Bringing information to the masses via solar-powered Internet access via TV White Space by MICROSOFT


By Aimee Riordan   Via MICROSOFT NEWS CENTER

“Without the Internet, it’s like living in darkness,” says Benson Maina, who runs the town of Nanyuki’s Internet café out of a 20-foot shipping container.

“My main duty is to communicate to the community, in terms of the Internet, the advantages they can get from it,” he says.

Affable and outgoing, Maina, 35, is the perfect ambassador.
To say the container, sunshine yellow, with an electric blue roof, stands out along this quiet road in rural Kenya is understatement. If cheap access to the Internet wasn’t enough of a draw, its alien appearance in this African landscape would be.

The container is powered by local company Mawingu, which provides Internet access via underutilized broadcast bandwidth, called TV white spaces. It’s part of a broader effort, by Microsoft and partners, to connect rural communities in Kenya and beyond.

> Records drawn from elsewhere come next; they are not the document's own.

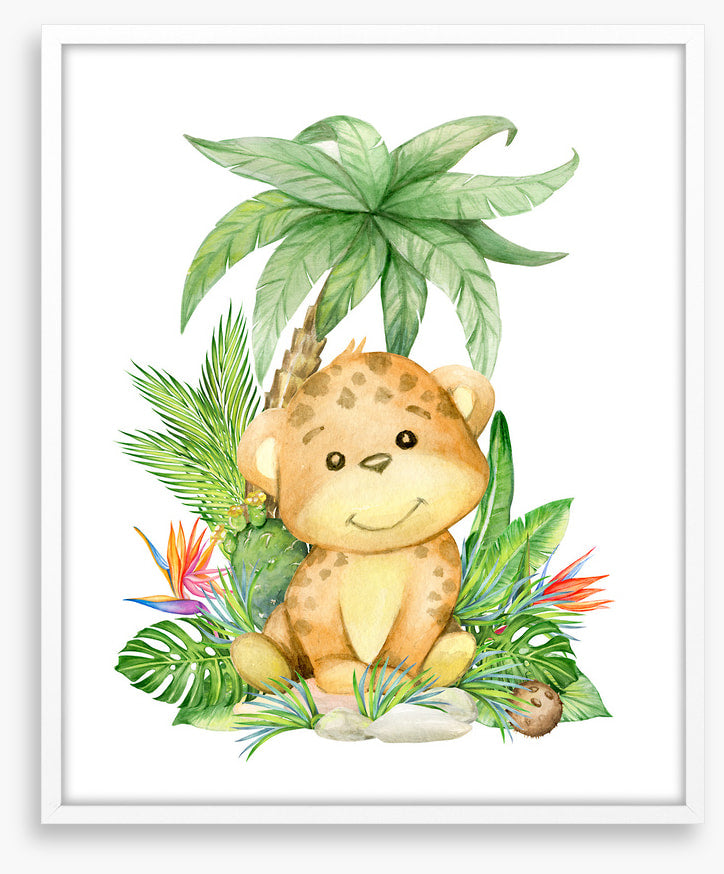 Aloha leopard
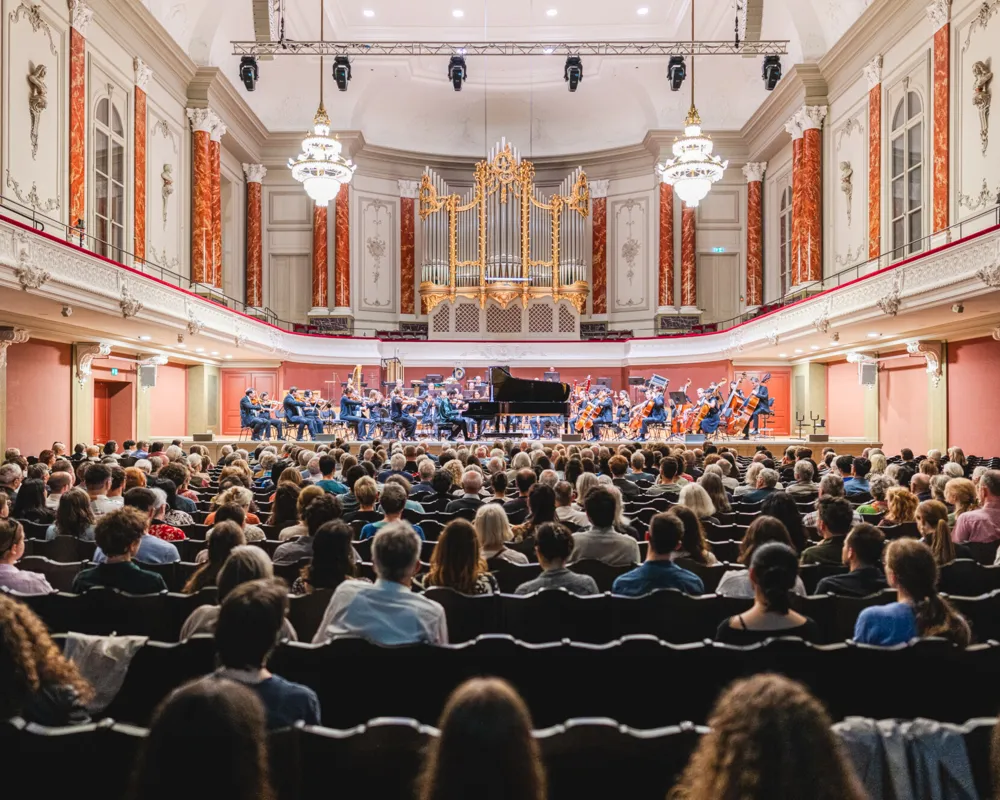 Fünf Schlusskonzerte als Krönung des Studiums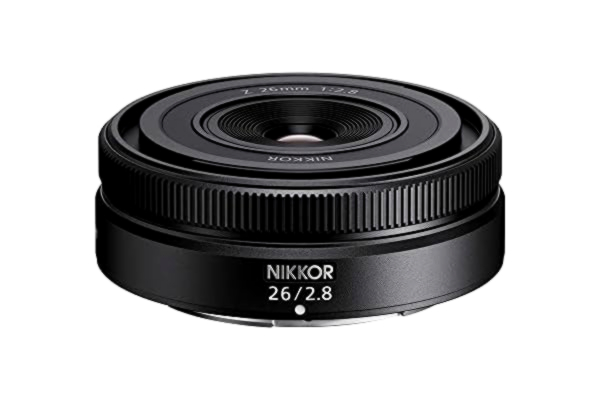 Nikon  Nikkor Z 26 mm f/2,8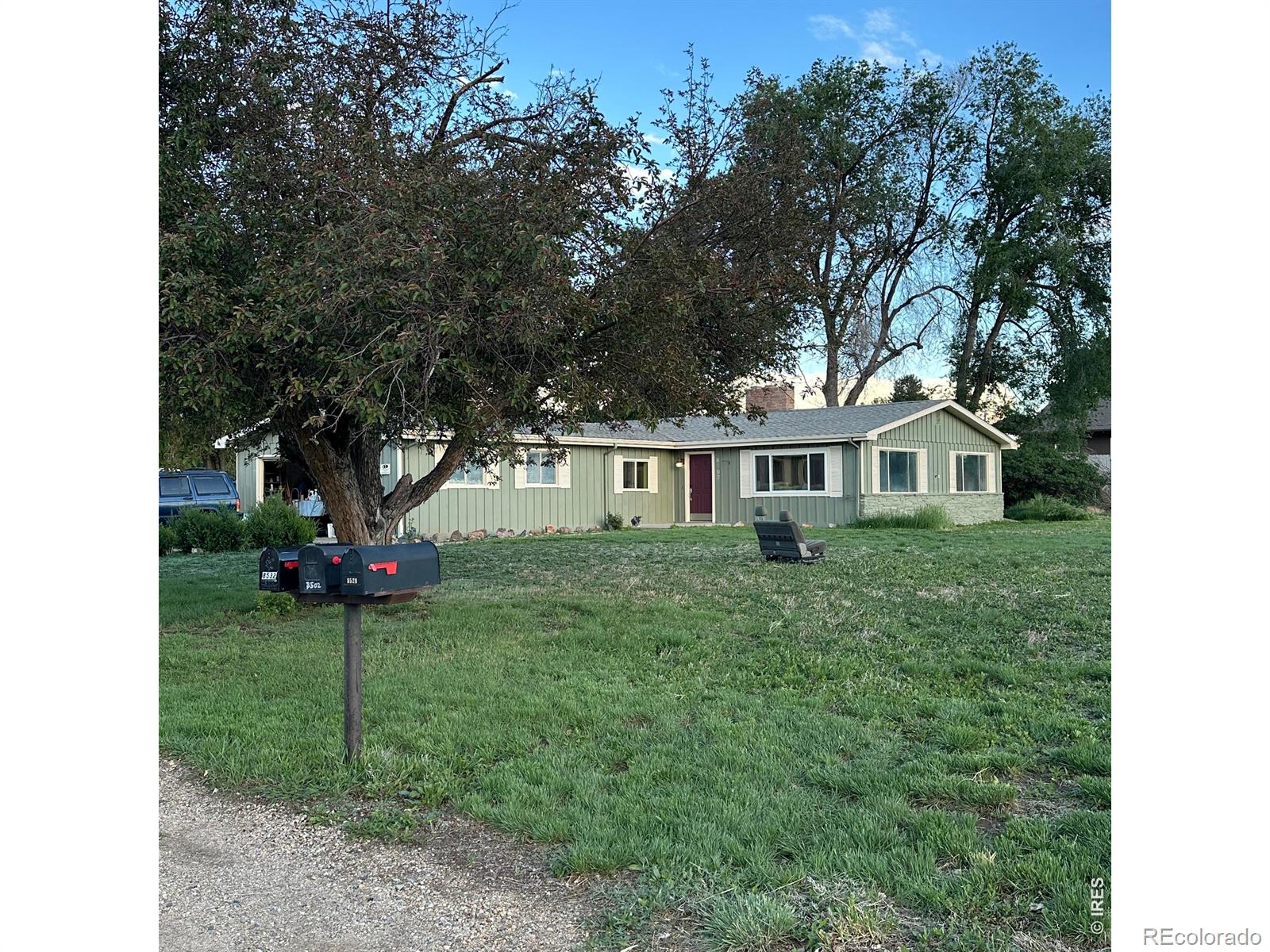 MLS Image #3 for 8502 n 107th street,longmont, Colorado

For the people who come to Maina’s café, having Internet access that’s reliable and affordable is opening doors and creating opportunities.

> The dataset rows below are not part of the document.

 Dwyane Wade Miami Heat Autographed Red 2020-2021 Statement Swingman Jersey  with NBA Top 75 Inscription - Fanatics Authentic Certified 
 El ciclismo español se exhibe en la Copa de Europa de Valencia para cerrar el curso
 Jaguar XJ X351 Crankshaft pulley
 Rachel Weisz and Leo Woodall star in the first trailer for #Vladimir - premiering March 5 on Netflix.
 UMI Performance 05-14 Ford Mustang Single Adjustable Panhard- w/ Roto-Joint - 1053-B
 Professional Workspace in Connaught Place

“Bringing the Internet connection to the community… People never knew the possibilities, but now they have the whole world in their hands,” Maina says. “The people who use the solar cyber are working-class people who need a place to work. They’re also village people who don’t have much Internet competence. We help them learn.”

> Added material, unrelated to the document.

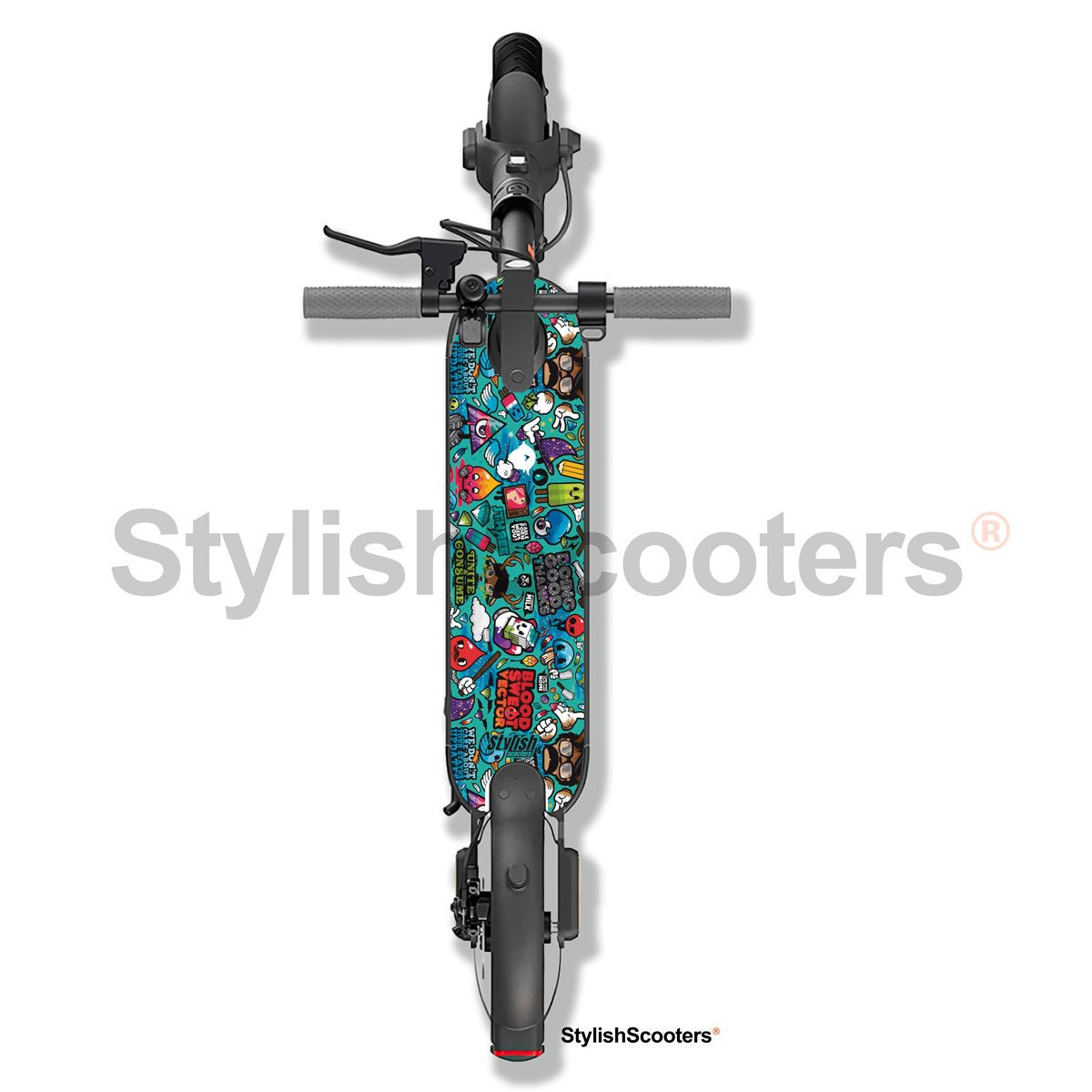 Base Antideslizante para Xiaomi Pro - Stylish Scooters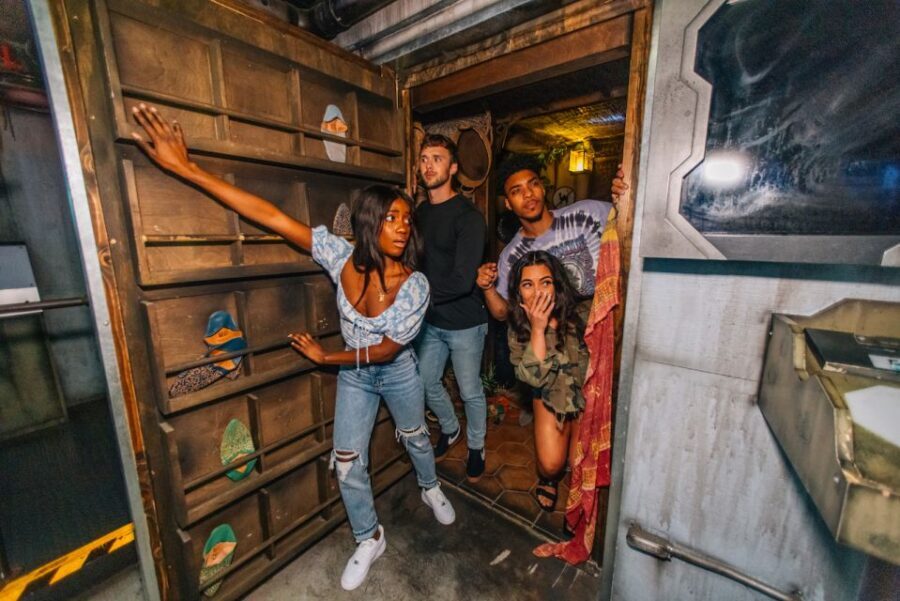 The Escape Game: 60-Minute Adventures at Irvine Spectrum - FAQs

Many of his patrons come every day. They’re students, studying or applying to universities; farmers checking forecasts and crop prices; and budding entrepreneurs, earning a living transcribing or posting to social sites on behalf of others. They stay anywhere from two to eight hours.

“We also have job seekers,” Maina says. “People around here believe they’re so behind. They think the people who live in cities will always be on top. Power comes from having information.”